> _WHAT THIS TASK INVOLVES_
Leave out the pictures and retype exactly the lines from the one with "For Gunma.web #26" through the end of the records.

_ _ _ _ _

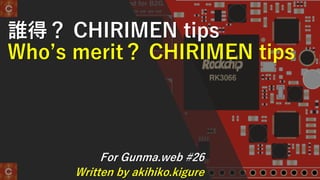 誰得？ CHIRIMEN tips
Who’s merit？ CHIRIMEN tips
For Gunma.web #26
Written by akihiko.kigure
 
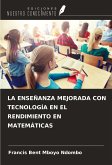 LA ENSEÑANZA MEJORADA CON TECNOLOGÍA EN EL RENDIMIENTO EN MATEMÁTICAS LA ENSEÑANZA MEJORADA CON TECNOLOGÍA EN EL RENDIMIENTO EN MATEMÁTICAS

_ _ _ _ _

> _SOLUTION TO THIS PROBLEM_
For Gunma.web #26
Written by akihiko.kigure
 
 LA ENSEÑANZA MEJORADA CON TECNOLOGÍA EN EL RENDIMIENTO EN MATEMÁTICAS LA ENSEÑANZA MEJORADA CON TECNOLOGÍA EN EL RENDIMIENTO EN MATEMÁTICAS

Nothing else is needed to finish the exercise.